◆ Your task ◆
What's needed is a full, exact retyping of the records.
* * *
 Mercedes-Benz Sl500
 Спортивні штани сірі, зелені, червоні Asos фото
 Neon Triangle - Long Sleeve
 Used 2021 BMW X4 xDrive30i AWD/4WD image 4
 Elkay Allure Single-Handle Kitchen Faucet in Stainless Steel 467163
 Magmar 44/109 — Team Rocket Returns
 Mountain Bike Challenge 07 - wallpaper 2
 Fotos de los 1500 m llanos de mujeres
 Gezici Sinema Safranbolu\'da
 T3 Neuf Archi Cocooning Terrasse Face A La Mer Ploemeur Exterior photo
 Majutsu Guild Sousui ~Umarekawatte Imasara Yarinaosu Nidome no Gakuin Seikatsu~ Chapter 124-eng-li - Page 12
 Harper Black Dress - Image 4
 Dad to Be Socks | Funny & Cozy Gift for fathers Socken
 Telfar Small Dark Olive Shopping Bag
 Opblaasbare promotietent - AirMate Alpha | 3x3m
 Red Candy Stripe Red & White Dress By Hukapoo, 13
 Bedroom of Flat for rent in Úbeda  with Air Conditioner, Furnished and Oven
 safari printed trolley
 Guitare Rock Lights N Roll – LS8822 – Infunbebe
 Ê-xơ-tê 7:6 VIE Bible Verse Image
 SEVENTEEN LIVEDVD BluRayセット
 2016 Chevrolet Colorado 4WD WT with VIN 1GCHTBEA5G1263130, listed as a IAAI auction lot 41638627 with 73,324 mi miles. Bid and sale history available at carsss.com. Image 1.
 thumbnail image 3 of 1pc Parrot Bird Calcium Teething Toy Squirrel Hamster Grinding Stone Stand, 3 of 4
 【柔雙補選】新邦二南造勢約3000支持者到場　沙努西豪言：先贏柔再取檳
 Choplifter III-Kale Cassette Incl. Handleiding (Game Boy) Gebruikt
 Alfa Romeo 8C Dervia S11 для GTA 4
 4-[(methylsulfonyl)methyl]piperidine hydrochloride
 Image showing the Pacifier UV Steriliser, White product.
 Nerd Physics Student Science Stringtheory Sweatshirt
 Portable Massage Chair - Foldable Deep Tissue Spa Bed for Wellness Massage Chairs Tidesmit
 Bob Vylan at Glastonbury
* * *
◆ Result below ◆
 Mercedes-Benz Sl500
 Спортивні штани сірі, зелені, червоні Asos фото
 Neon Triangle - Long Sleeve
 Used 2021 BMW X4 xDrive30i AWD/4WD image 4
 Elkay Allure Single-Handle Kitchen Faucet in Stainless Steel 467163
 Magmar 44/109 — Team Rocket Returns
 Mountain Bike Challenge 07 - wallpaper 2
 Fotos de los 1500 m llanos de mujeres
 Gezici Sinema Safranbolu\'da
 T3 Neuf Archi Cocooning Terrasse Face A La Mer Ploemeur Exterior photo
 Majutsu Guild Sousui ~Umarekawatte Imasara Yarinaosu Nidome no Gakuin Seikatsu~ Chapter 124-eng-li - Page 12
 Harper Black Dress - Image 4
 Dad to Be Socks | Funny & Cozy Gift for fathers Socken
 Telfar Small Dark Olive Shopping Bag
 Opblaasbare promotietent - AirMate Alpha | 3x3m
 Red Candy Stripe Red & White Dress By Hukapoo, 13
 Bedroom of Flat for rent in Úbeda  with Air Conditioner, Furnished and Oven
 safari printed trolley
 Guitare Rock Lights N Roll – LS8822 – Infunbebe
 Ê-xơ-tê 7:6 VIE Bible Verse Image
 SEVENTEEN LIVEDVD BluRayセット
 2016 Chevrolet Colorado 4WD WT with VIN 1GCHTBEA5G1263130, listed as a IAAI auction lot 41638627 with 73,324 mi miles. Bid and sale history available at carsss.com. Image 1.
 thumbnail image 3 of 1pc Parrot Bird Calcium Teething Toy Squirrel Hamster Grinding Stone Stand, 3 of 4
 【柔雙補選】新邦二南造勢約3000支持者到場　沙努西豪言：先贏柔再取檳
 Choplifter III-Kale Cassette Incl. Handleiding (Game Boy) Gebruikt
 Alfa Romeo 8C Dervia S11 для GTA 4
 4-[(methylsulfonyl)methyl]piperidine hydrochloride
 Image showing the Pacifier UV Steriliser, White product.
 Nerd Physics Student Science Stringtheory Sweatshirt
 Portable Massage Chair - Foldable Deep Tissue Spa Bed for Wellness Massage Chairs Tidesmit
 Bob Vylan at Glastonbury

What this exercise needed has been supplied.